Allora non di mafia si trattava, a Roma!
La Corte di Cassazione ci ha infatti detto che la tanto sbandierata operazione nota da anni col nome di “Mafia Capitale” riguardava sì la Capitale – cioè Roma – ma non aveva nulla a che fare con la mafia. Si trattava invece di normale criminalità organizzata in forma associativa e, come tale, suscettibile di riesumare quel vecchio articolo 416 del Codice penale che sembrava ormai definitivamente defunto. E invece no. Non era defunto. Era semplicemente collocato in quiescenza, e ora è stato risvegliato.

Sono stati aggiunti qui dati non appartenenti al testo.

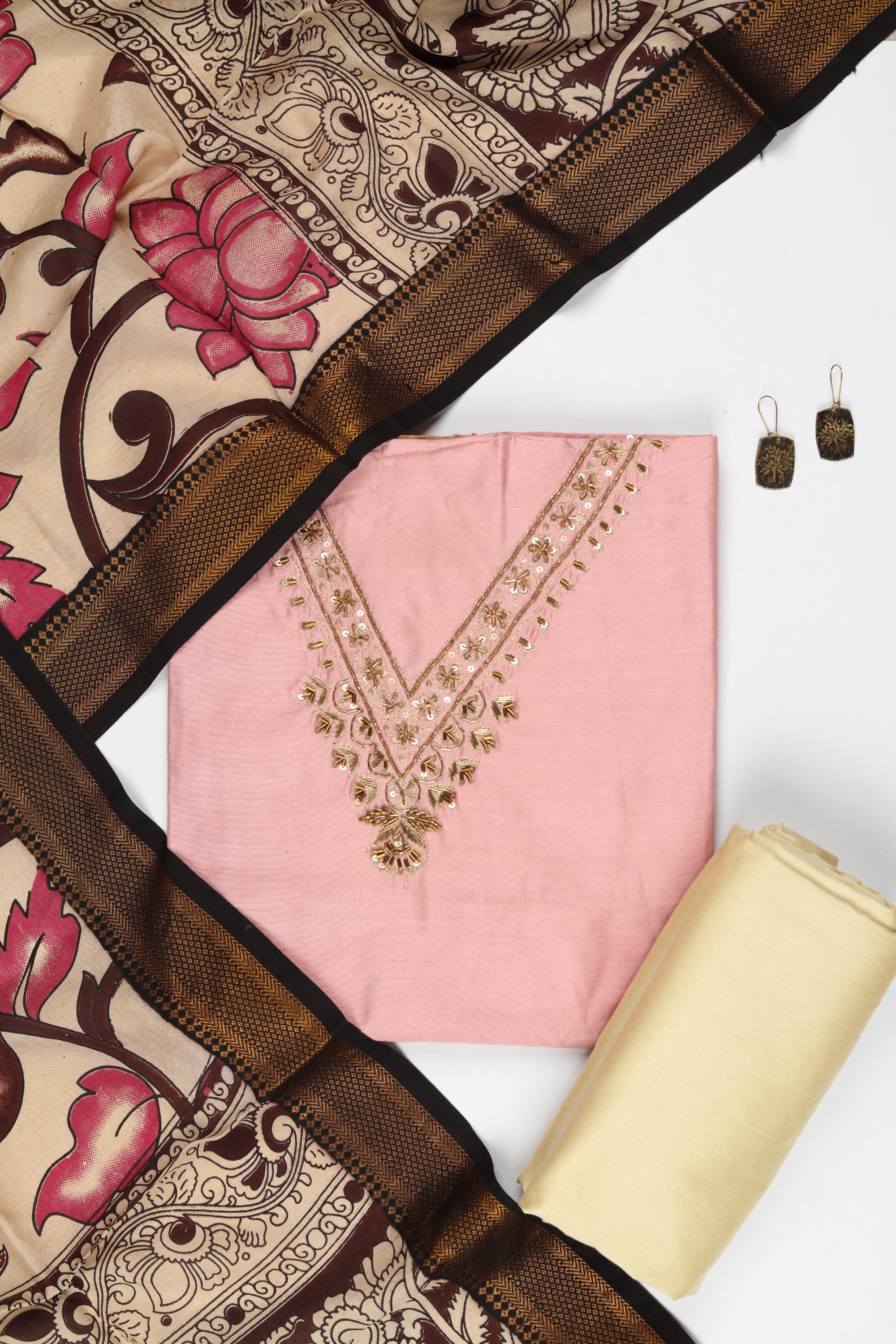 Cotton Silk 3 Piece Unstitched Set -191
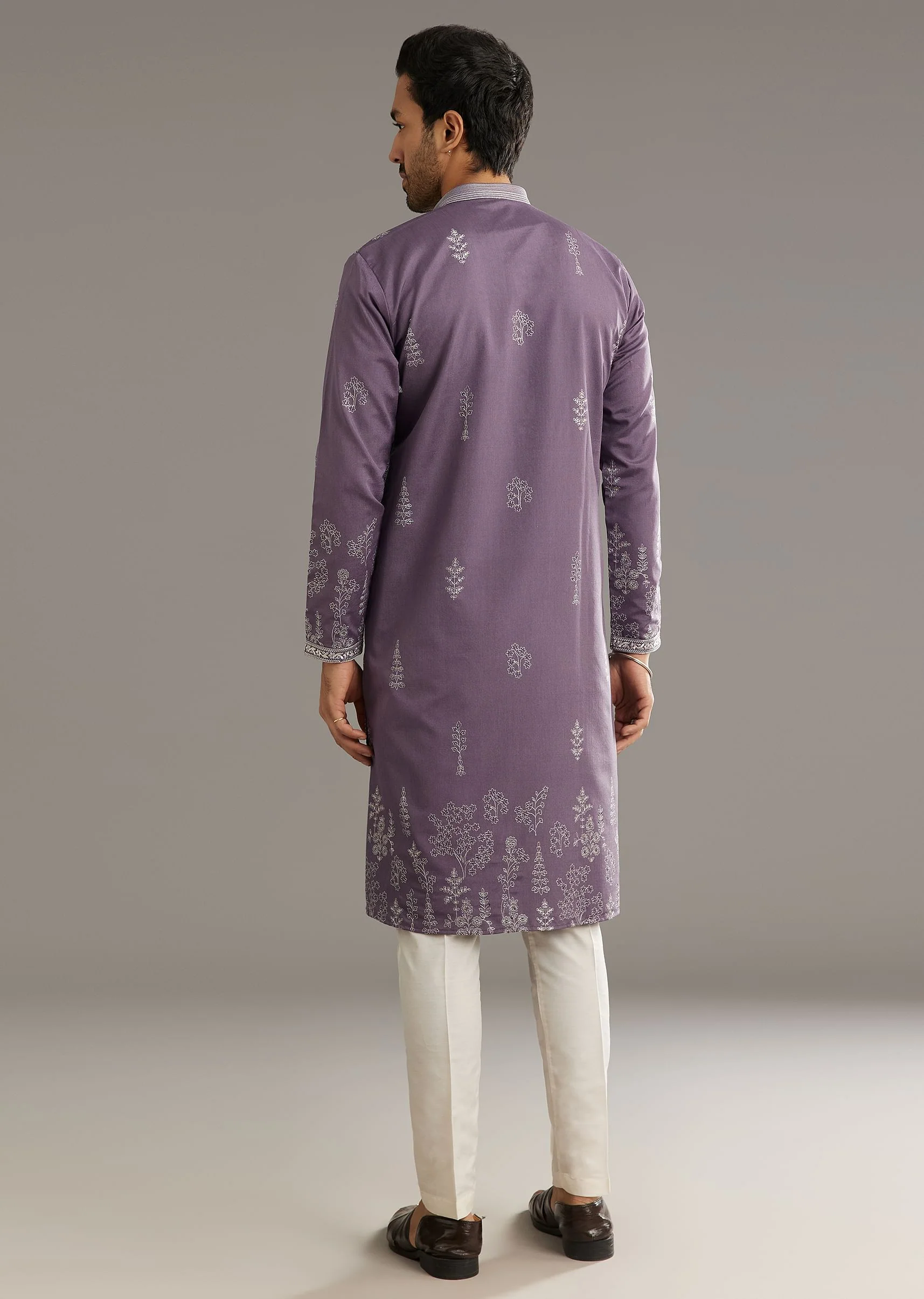 Purple Silk Vine Motif Threadwork Kurta Set - Image 5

Insomma, Salvatore Buzzi e Massimo Carminati non erano a capo della mafia romana – una nuova e insidiosa forma di mafia inaugurata a Roma – ma erano soltanto le persone che coagulavano un ben conosciuto sistema di malaffare proteso alla corruzione di pubblici funzionari. E si poteva arguire che così fosse già da tempo, all’alba dell’indagine di cui tanto parlarono i giornali di cinque anni orsono, semplicemente perché mancava già nella prospettazione dell’accusa un elemento fondamentale per costruire in modo giuridicamente plausibile la fattispecie mafiosa: quello della intimidazione.
Si capiva infatti subito che in tutti quei traffici non si intimidiva nessuno, perché, proprio al contrario, tutti erano – per così dire – ben lieti di partecipare alla spoliazione del pubblico erario per finalità ed interessi del tutto privati. Tutti erano partecipi – ahimè – felici e contenti di associarsi per garantirsi notevoli vantaggi patrimoniali a danno della corretta Pubblica amministrazione, ma del tutto estranei a intimidazioni nascenti dal vincolo associativo.

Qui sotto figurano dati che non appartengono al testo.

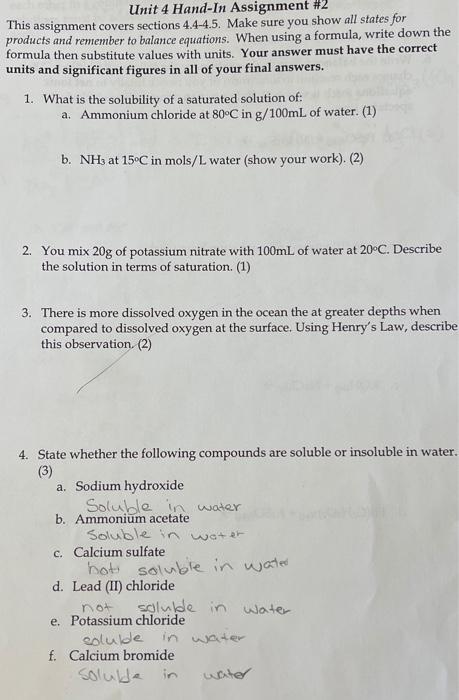 Solved Unit 4 Hand-In Assignment #2 This assignment covers | Chegg.com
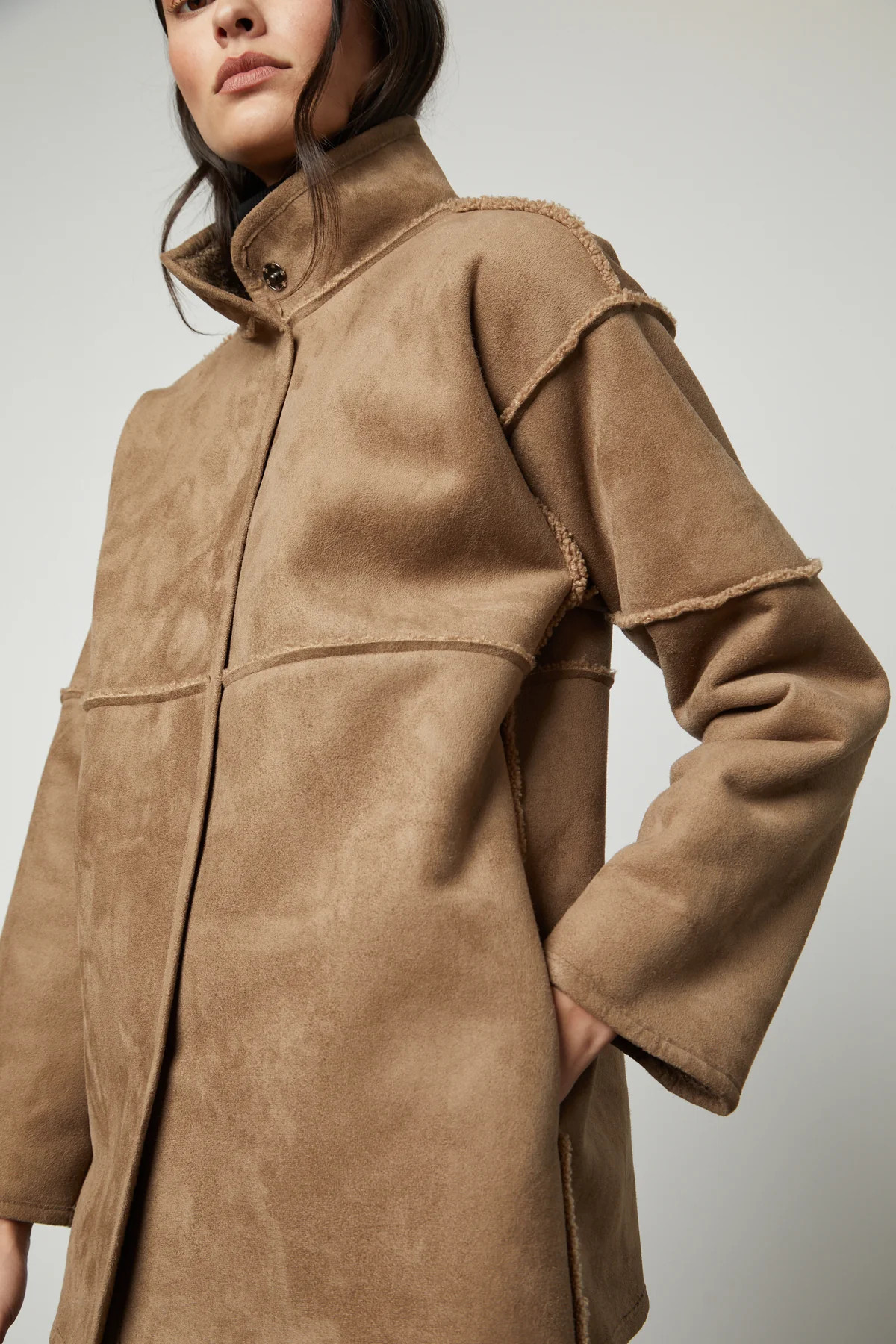 ALBANY LUX SHERPA MOCK NECK REVERSIBLE JACKET | Velvet by Graham & Spencer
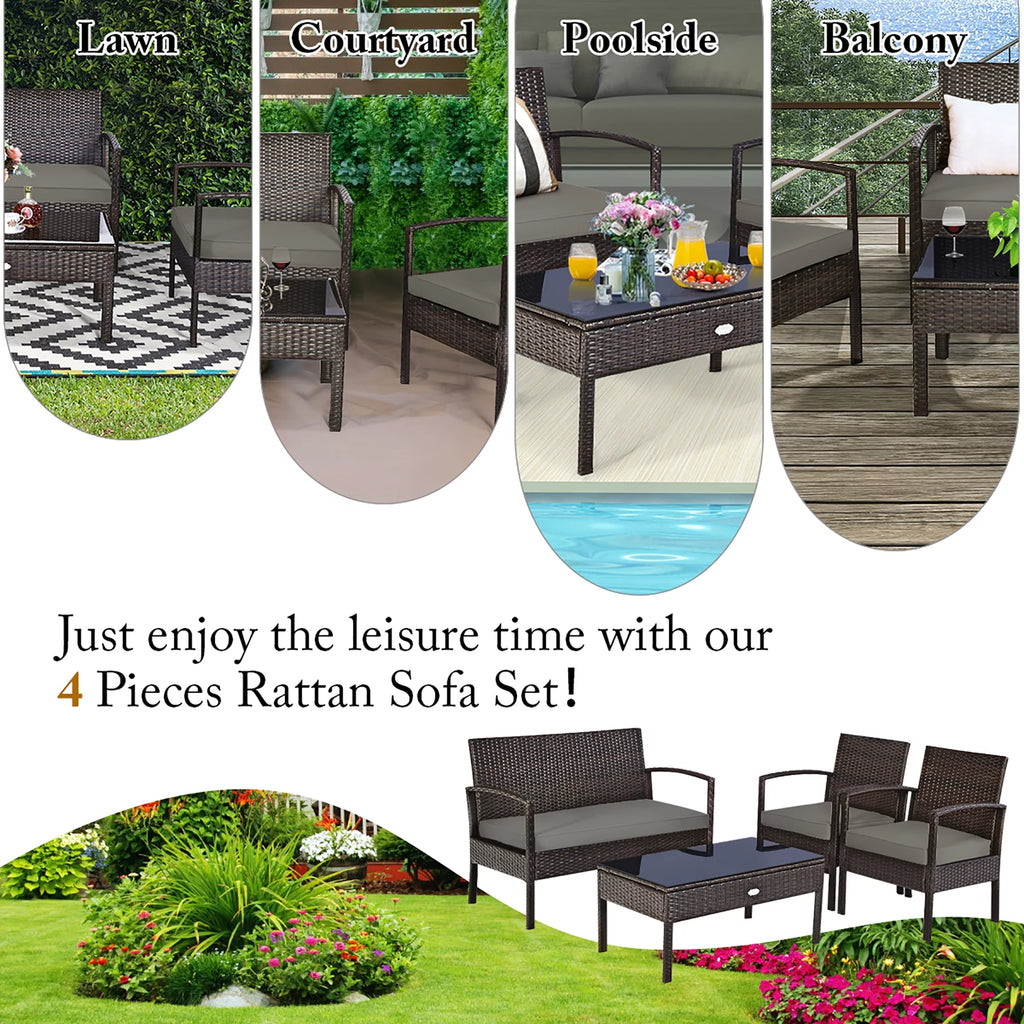 4 Pc Outdoor Patio Rattan Furniture Set Q66453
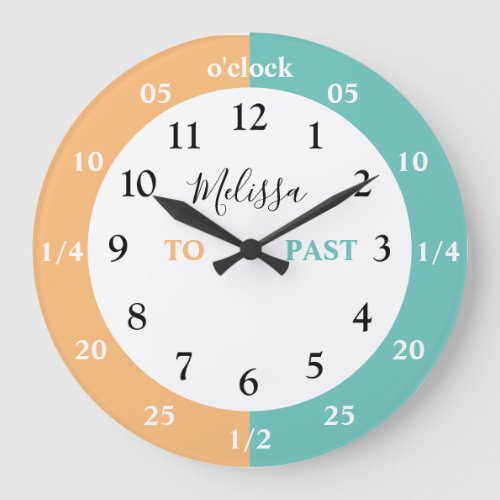 Learn To Tell The Time  Personalized  Name Large Large Clock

Questo fu subito chiaro per chi aveva occhi per vedere. In primo grado, il Tribunale mostrò di vederci benissimo. Nulla invece vide la Corte d’Appello. Ad aprirle gli occhi ci ha pensato ora la Corte di Cassazione.

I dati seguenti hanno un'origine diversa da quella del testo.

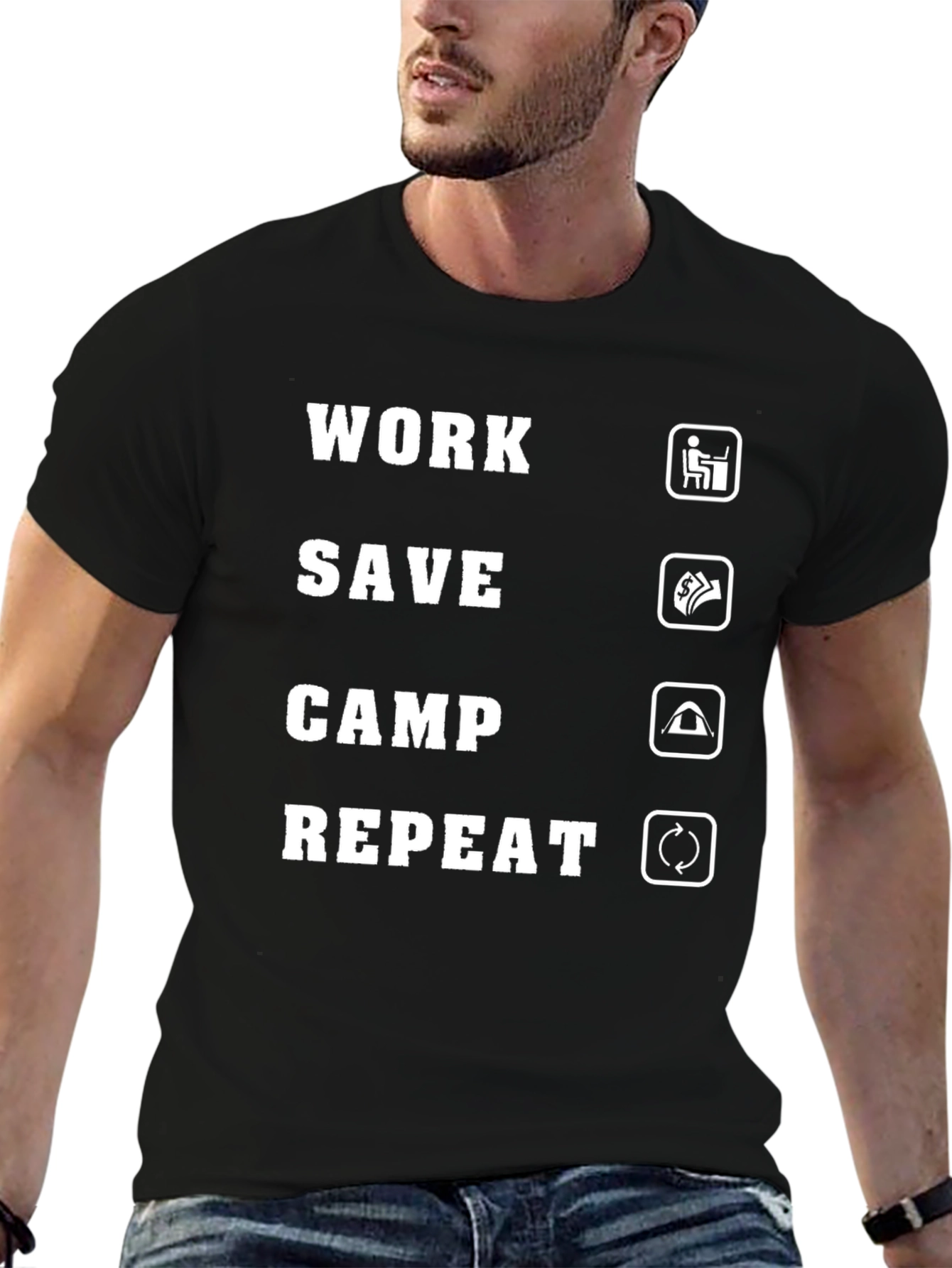 Camiseta Hombre Work Save Camp Repeat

Tuttavia, suona molto strano che, nonostante ciò, ci sia ancora chi interpreta il proprio ruolo in senso latamente agonistico, quasi si trattasse di vincere o di perdere in una contesa che in effetti nessuno sa quale sia né come si svolga. Solo così infatti mi pare di poter intendere ed interpretare le affermazioni – altrimenti incomprensibili – con le quali il pubblico ministero romano Luca Tescaroli e l’ex Procuratore Capo, Giuseppe Pignatone, hanno commentato la sentenza della Cassazione. Il primo ha affermato che in ogni caso, anche se di mafia non può parlarsi, si tratta comunque di reati gravi e che tali devono essere considerati. Il secondo ha invece affermato che pur se in questo caso non è corretto parlare di mafia – perché la Cassazione ha appena affermato non trattarsi di mafia – tuttavia a Roma la mafia esiste in numerosi casi simili a questo e che perciò bisogna tenerne conto.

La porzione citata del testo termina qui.